Repeat the data verbatim, images excluded.

## Data excerpt
******

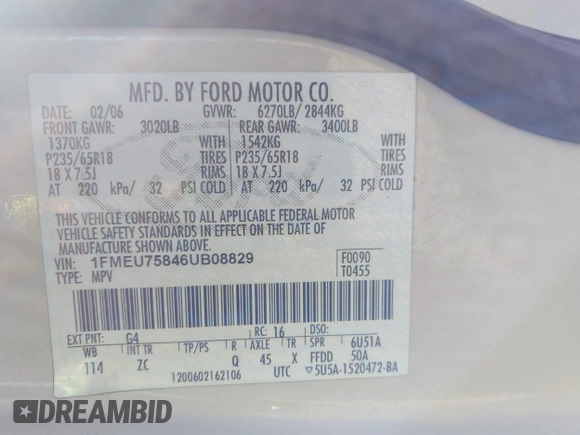 2006 Ford Explorer Limited with VIN 1FMEU75846UB08829, listed as a IAAI auction lot 41768223 with 278,818 mi miles and . Bid and sale history available at DreamBid. Image 9.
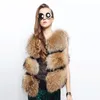 Women Winter Imitate Raccoon Dog Fur Vest , Thicken Warm Patchwork Brown Outerwear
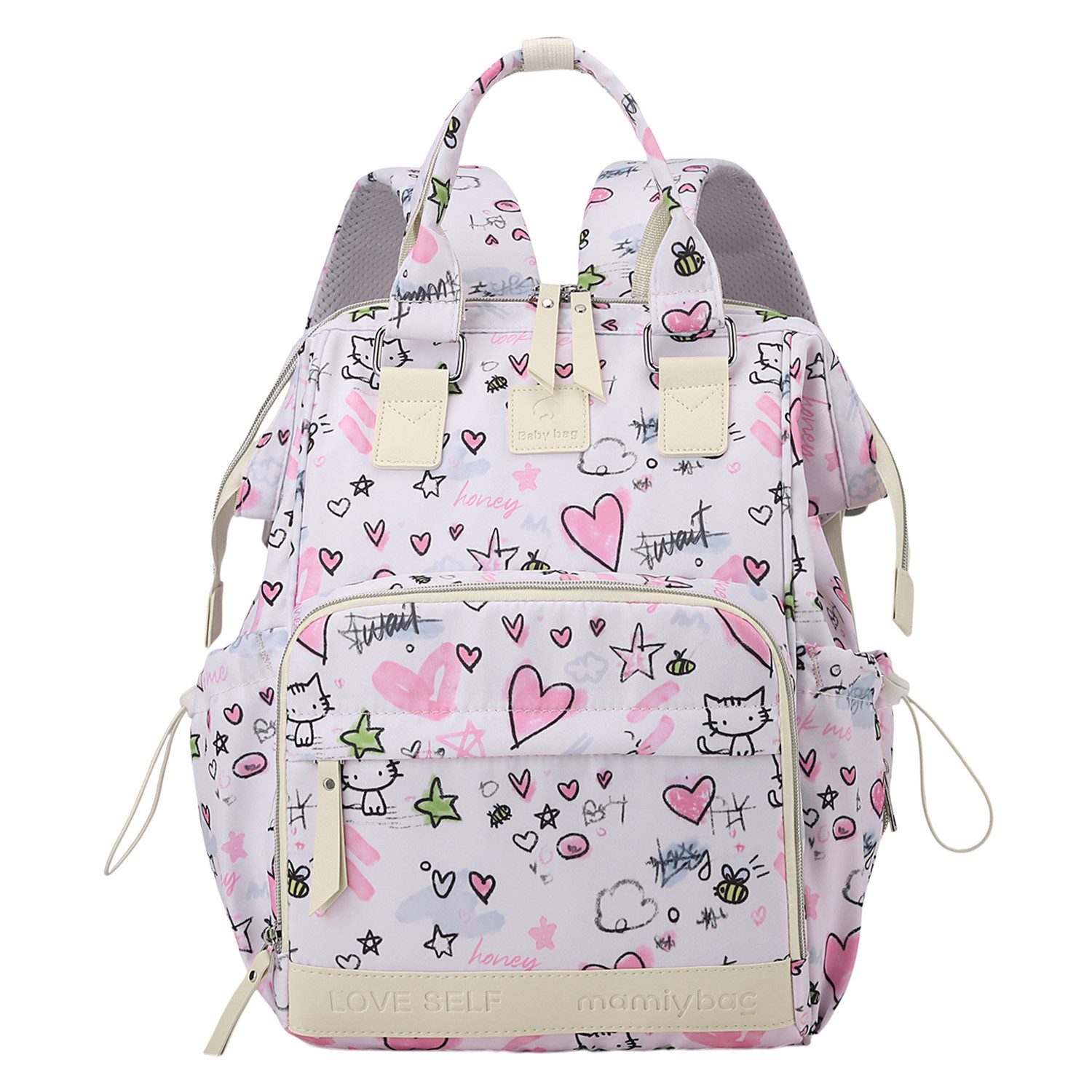 Refttenw Wickeltasche Große Kapazität Babytasche,Wickelrucksäcke,Isoliertes Flaschenfach, mit praktischem Taschentuchfach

******

## Answer box
 2006 Ford Explorer Limited with VIN 1FMEU75846UB08829, listed as a IAAI auction lot 41768223 with 278,818 mi miles and . Bid and sale history available at DreamBid. Image 9.
 Women Winter Imitate Raccoon Dog Fur Vest , Thicken Warm Patchwork Brown Outerwear
 Refttenw Wickeltasche Große Kapazität Babytasche,Wickelrucksäcke,Isoliertes Flaschenfach, mit praktischem Taschentuchfach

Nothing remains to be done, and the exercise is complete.